Historic donation -- The View church has donated two carved stones that were once part of Normal Hall to Southern Illinois University Carbondale. Present for the donation were, from left, Eric Jones, University Museum registrar; Kristine McGuire, Morris Library development officer; and Josh Swain, senior pastor of the View church. (Photo by Christi Mathis) Download Photo Here
September 29, 2009
Historic Normal Hall stones back on campus
CARBONDALE, Ill. -- After more than 100 years away, they’re coming home.

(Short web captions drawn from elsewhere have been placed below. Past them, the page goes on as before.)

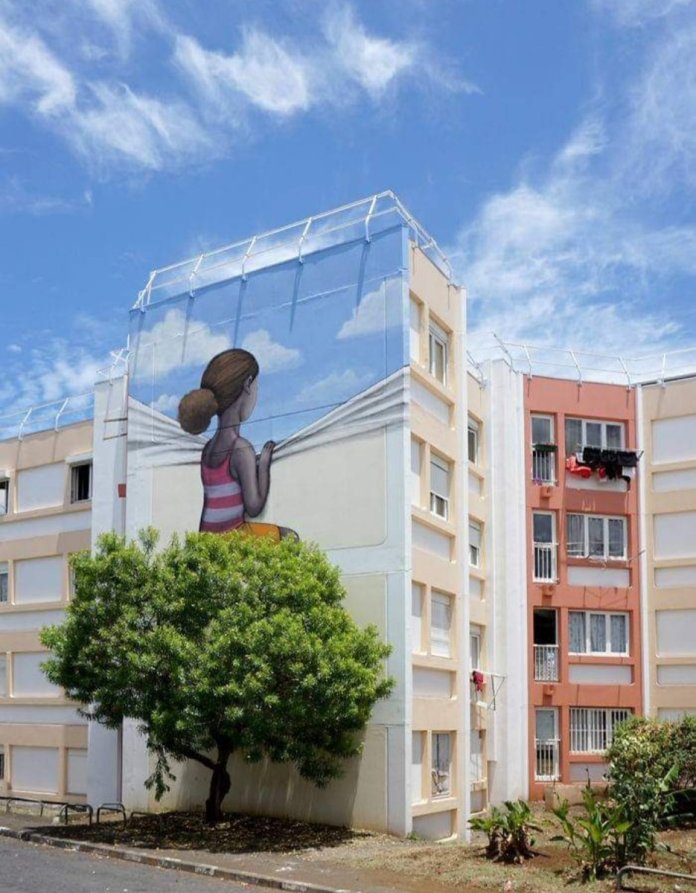 Mural by Seth Globepainter of a young girl pulling back a painted curtain of sky on a high-rise building in Le Port, Réunion Island. A real tree aligns with the artwork’s base.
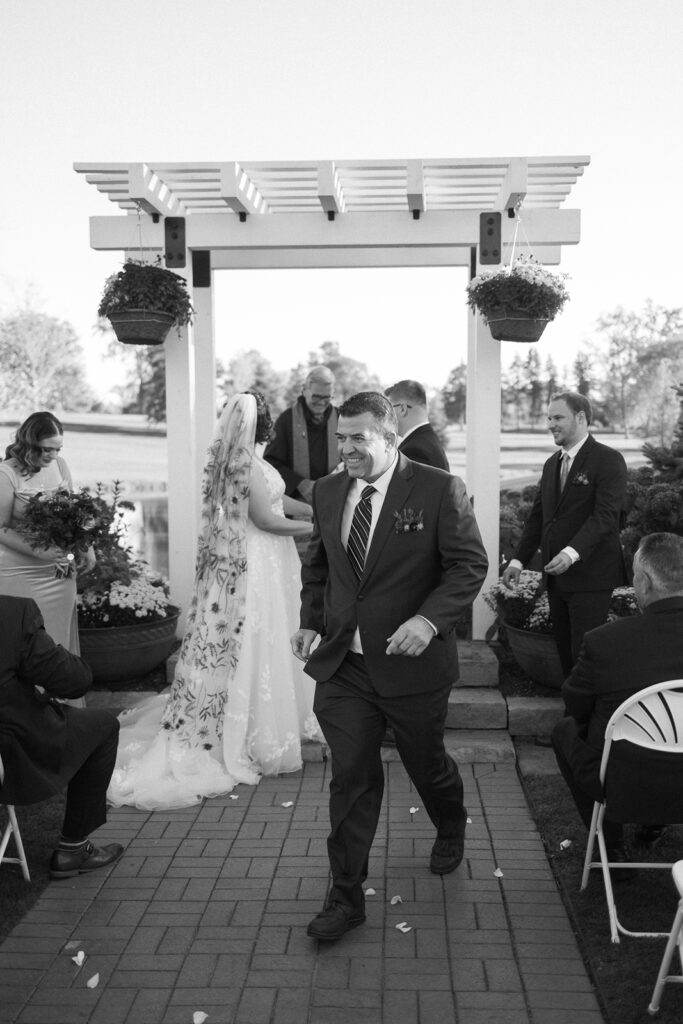 A joyful man in a suit walks down the aisle in an outdoor wedding ceremony. Behind him, a bride in a floral dress stands under a pergola adorned with hanging plants. Guests are seated on either side, and the scene is captured in black and white.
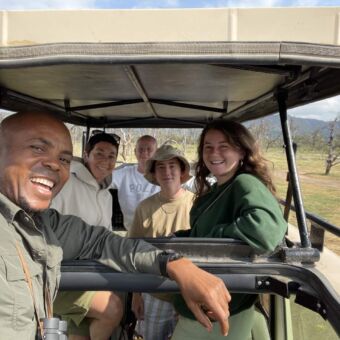 Selfie van gasten van Droomreis Tanzania samen hun gids in Tarangire National Park Reiservaring Safari Tanzania. Een selfie van een gids met reizigers van Droomreis Tanzania tijdens hun rondreis door Tanzania. Ze staan in de safari auto met het dak omhoog midden in Tarangire National Park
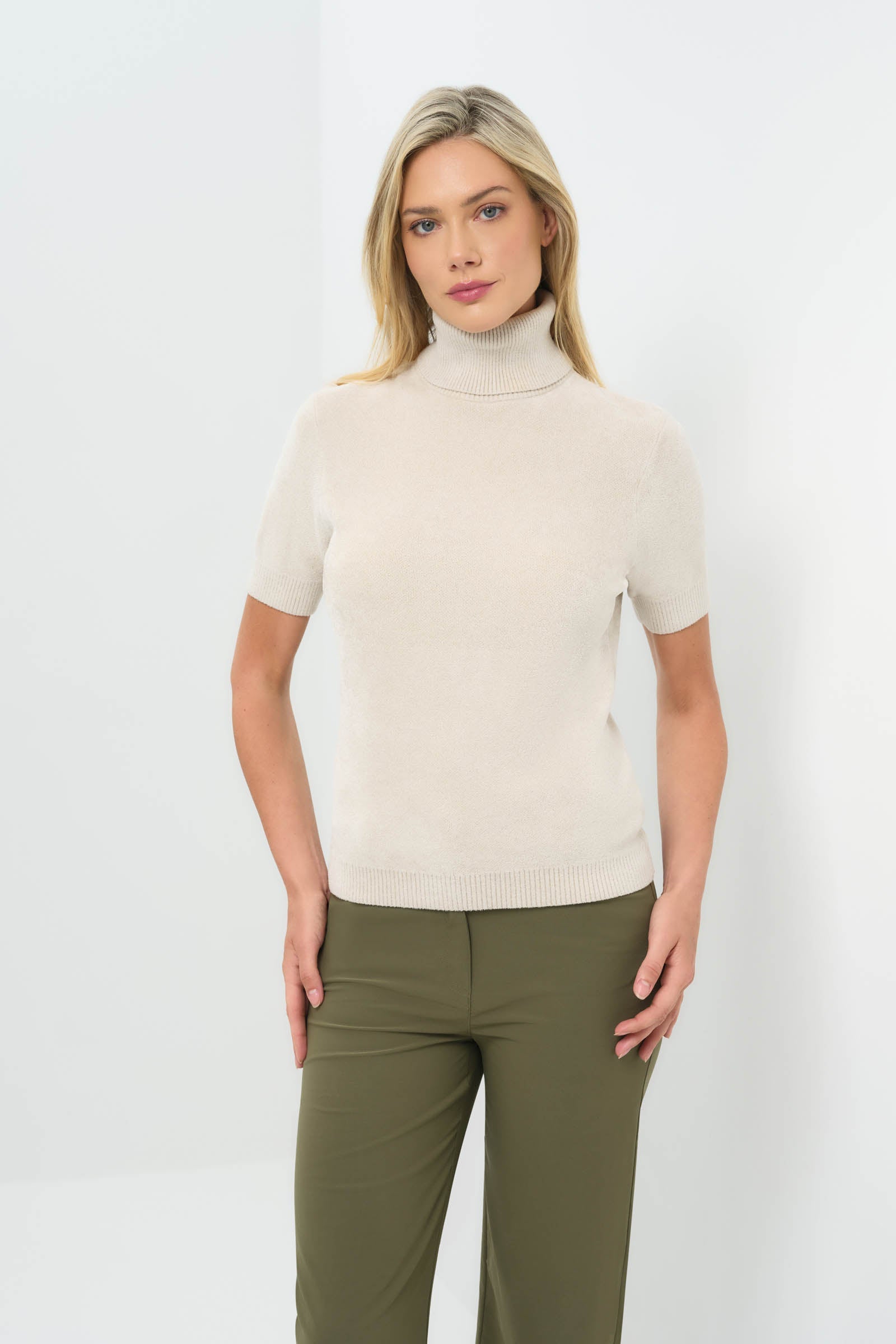 Front view of stone turtleneck short-sleeve top paired with olive green pants.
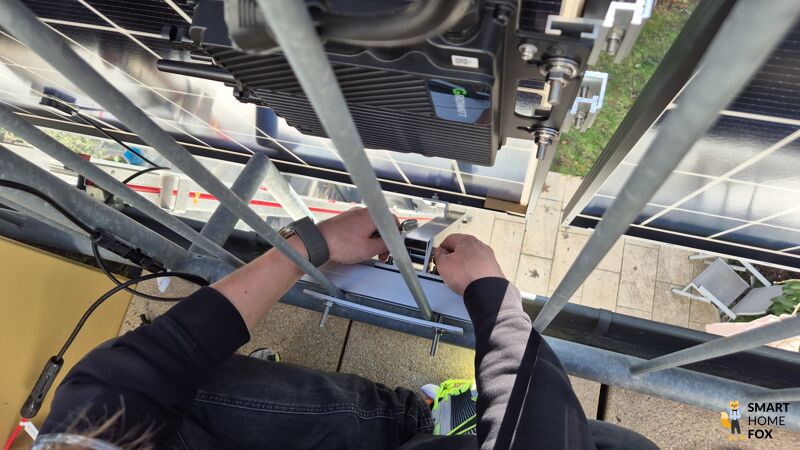 Die Module des Solakon onLite 900w Balkonkraftwerks werden am Balkongeländer mit ausfahrbaren Teleskopstangen. angebracht und befestigt.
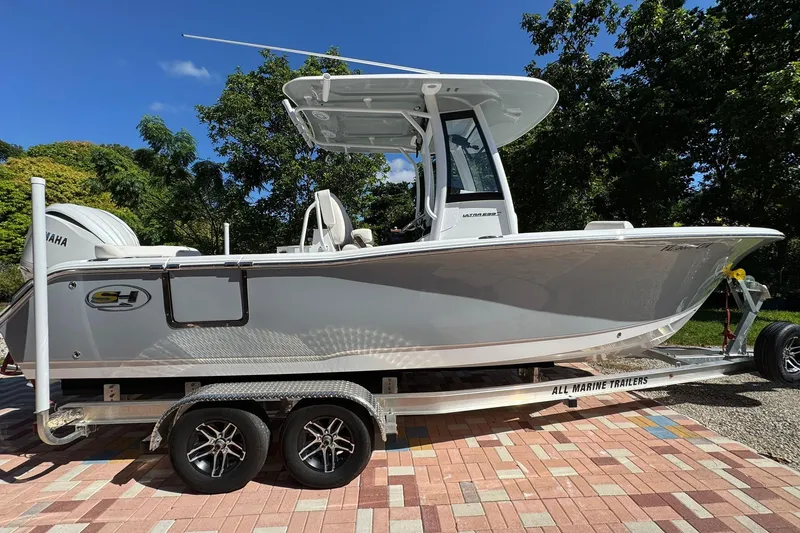 The Image of 2025 Sea Hunt Ultra 239 SE boat on trailer, parked outdoors, with Yamaha engine. - 0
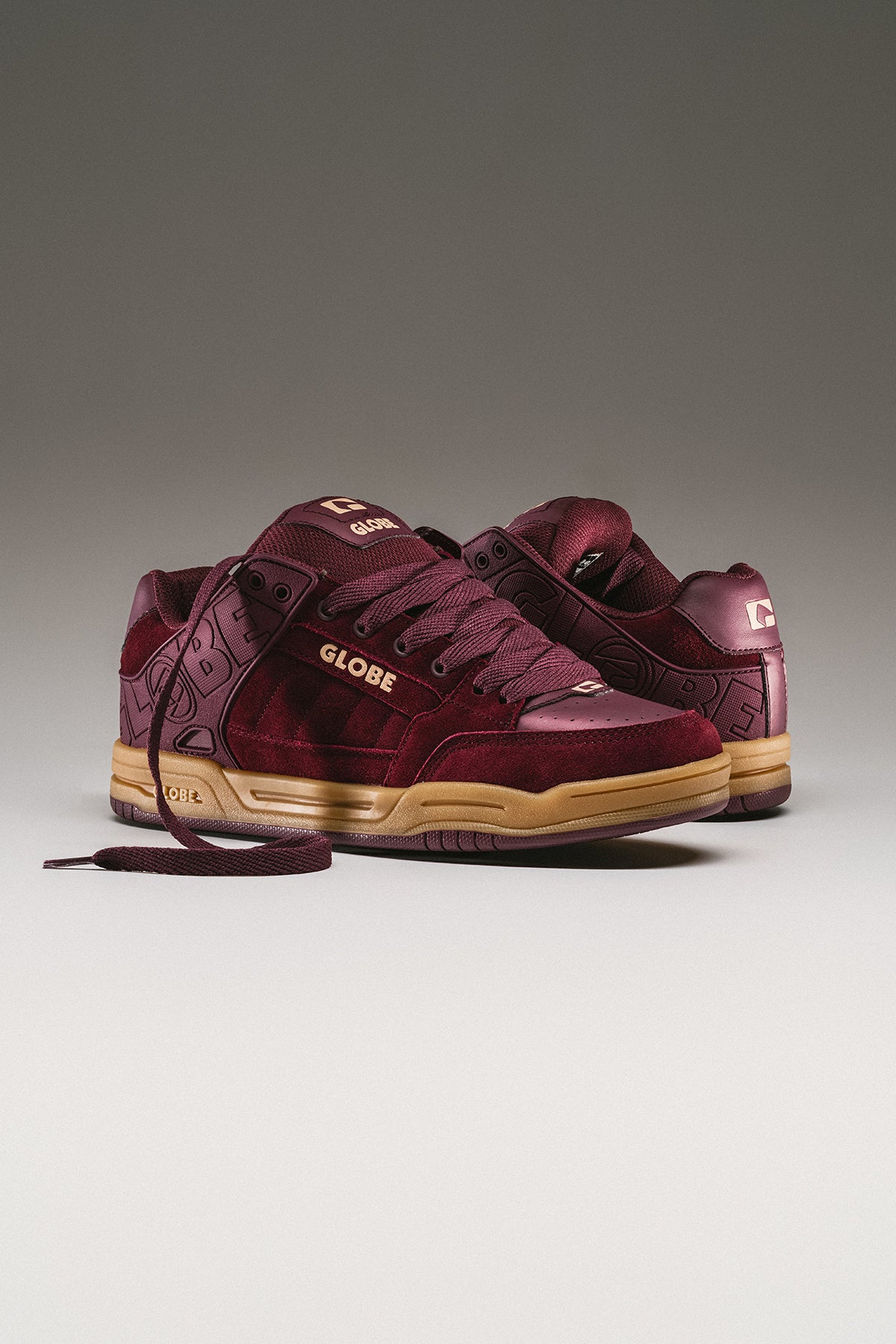 Port Gum Globe Tilt sneakers in burgundy with white laces and a tan gum sole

Two carved stones that were once part of Normal Hall, the first structure of what has become Southern Illinois University Carbondale, are now back on campus thanks to the generosity of a local church. Oddly, the two, 3-foot-square sandstones, which feature hand carved five-point stars in the middle, have for all of this time been just a few blocks away from the University.
Built for $265,000 in 1874 to house Southern Illinois Normal College, Normal Hall was of Gothic style architectural and included a number of special features. Among them were pointed windows topped by star stones. The Boskeydell quarry was the source of the stone and historians say workers likely carved the design at the construction site.
But, fire destroyed the building in 1883. Later known as Old Main, the rebuilt structure had a new design and new materials. Meanwhile, pieces of Normal Hall scattered. The First Baptist Church built Carbondale’s first stone church in 1902 and its design incorporated three of the large window tracery star blocks from Normal Hall. The two square blocks graced the church tower and the octagonal block found a home above the University Avenue church entrance.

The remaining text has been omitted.